When Python is "Fast Enough"¶
Python's slowness often doesn't matter:
# I/O bound - Python speed doesn't matter
response = requests.get(url) # Network is bottleneck
data = f.read() # Disk is bottleneck
# Human interaction - Python speed doesn't matter
user_input = input("Enter: ") # Human is bottleneck
# Calling fast libraries - Python is just orchestrating
result = np.dot(huge_matrix_a, huge_matrix_b) # NumPy does work
# One-time scripts - Development time matters more
df = pd.read_csv('data.csv').groupby('x').mean()

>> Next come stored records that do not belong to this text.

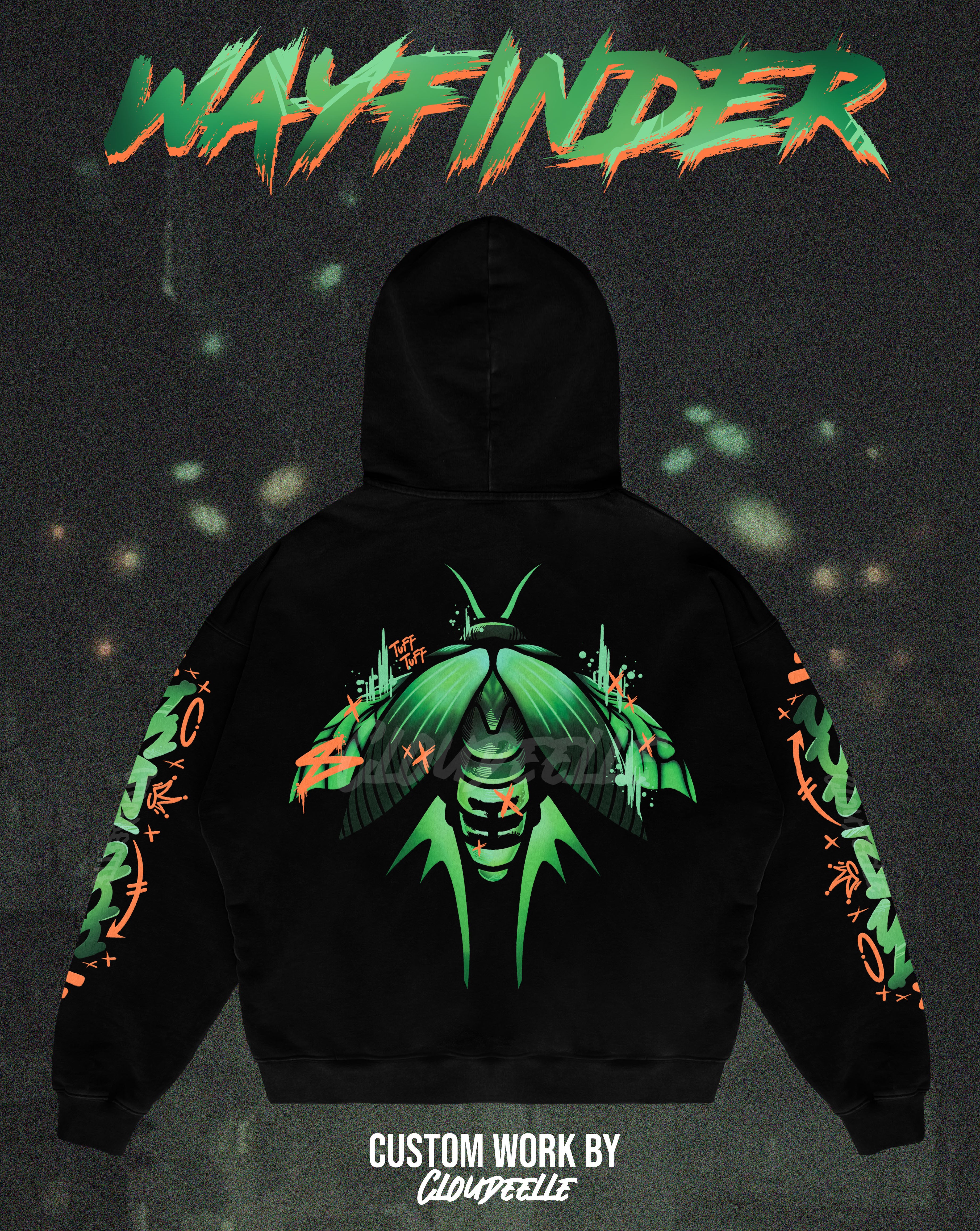 "Wayfinder" - Oversized ZIP-UP Hoodie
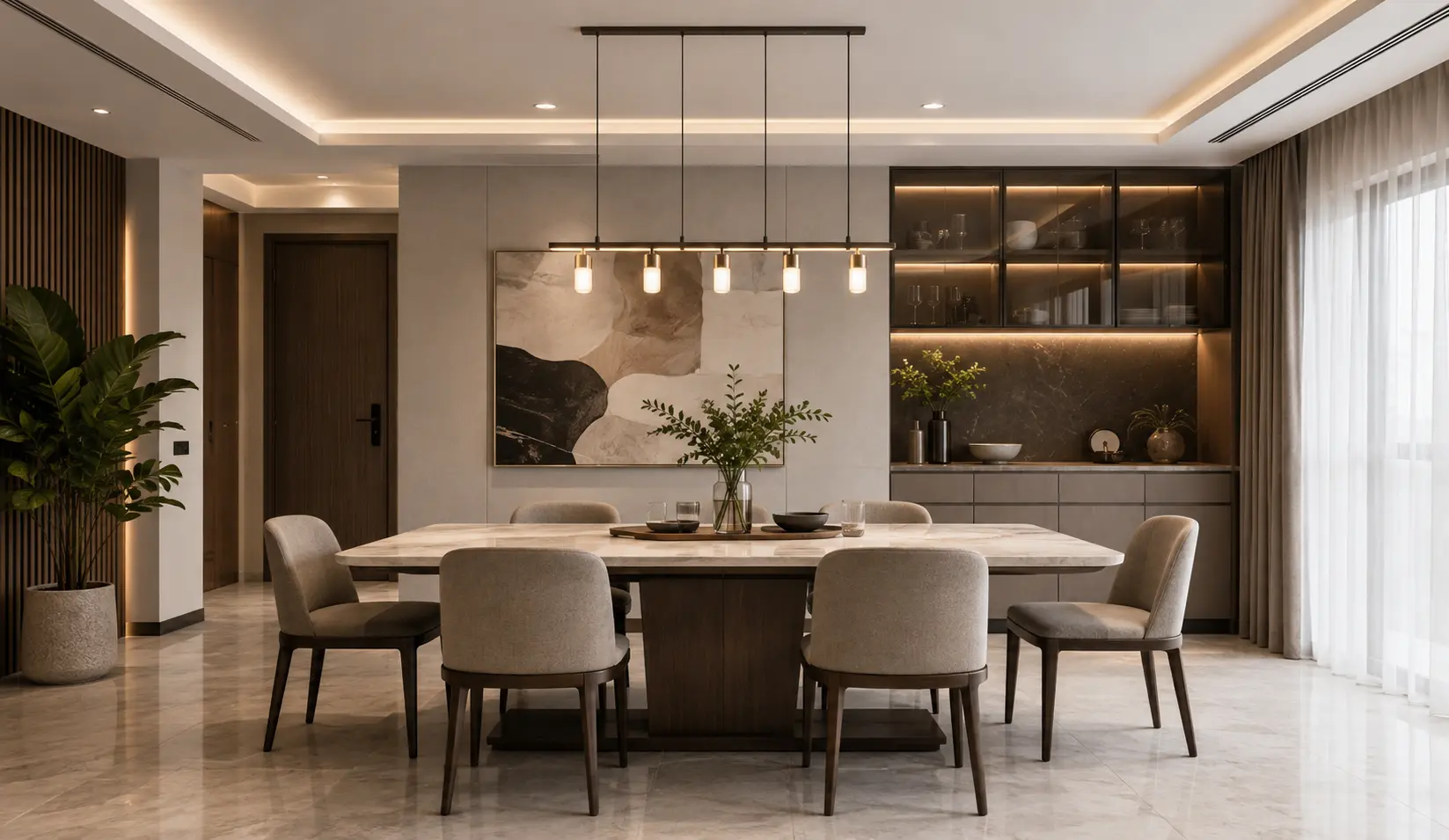 Dining Room Interior Design Dhaka Bangladesh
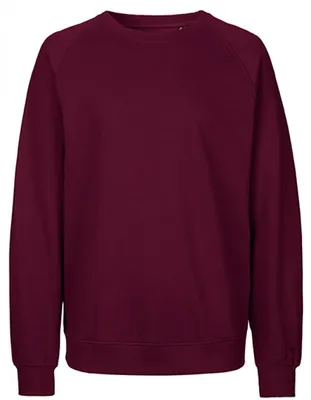 Produktbild von Neutral O63001 | Uni Sweatshirt / 100% Fairtrade-Baumwolle - Farbe: Bordeaux - Größe: XXL
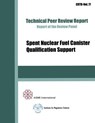 Spent Nuclear Fuel Canister Qualification Support - Asme - 9780791802212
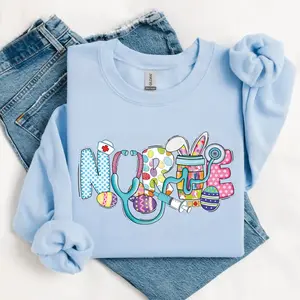 Easter Nurse Gift Sweatshirt, Bunny Nurse tshirt, Peeps Nurse Sweater, Easter Nurse Gift, Nurse Easter Sweater, Easter Gift For Nurse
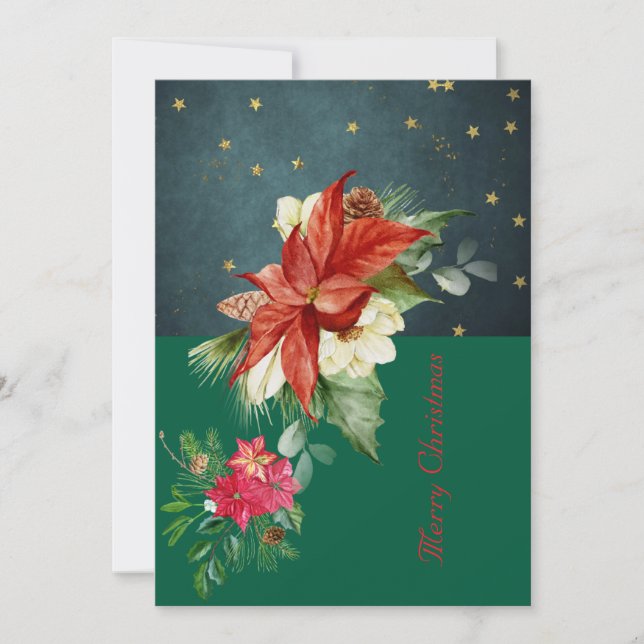 Flache Feiertagskarte (Vorderseite)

Strategies to Speed Up Python¶
1. Use Built-in Functions¶
# Slow
total = 0
for x in data:
total += x
# Fast (built-in is C)
total = sum(data)
2. Use NumPy/Pandas¶
# Slow
result = [x * 2 for x in data]
# Fast
result = np.array(data) * 2
3. Use List Comprehensions¶
# Slower
result = []
for x in data:
result.append(x * 2)
# Faster (optimized bytecode)
result = [x * 2 for x in data]
4. Avoid Global Variables¶
# Slower (global lookup each iteration)
multiplier = 2
def slow():
return [x * multiplier for x in range(1000000)]
# Faster (local lookup)
def fast():
mult = 2 # Local variable
return [x * mult for x in range(1000000)]
5. Use Appropriate Data Structures¶
# Slow (O(n) lookup)
if item in large_list:
pass
# Fast (O(1) lookup)
if item in large_set:
pass
Summary¶
| Overhead Source | Impact | Mitigation |
|---|---|---|
| Dynamic typing | Type checks every operation | Use NumPy (typed arrays) |
| Object overhead | Memory and indirection | Use NumPy (raw data) |
| Interpretation | Bytecode dispatch | Use compiled extensions |
| Memory layout | Cache misses | Use contiguous arrays |
| GIL | No CPU parallelism | Use multiprocessing |
Key insight:
Python is slow for tight computational loops. The solution isn't to avoid Python—it's to move the hot loops into compiled code (NumPy, Cython, C extensions) while keeping Python for orchestration and glue code.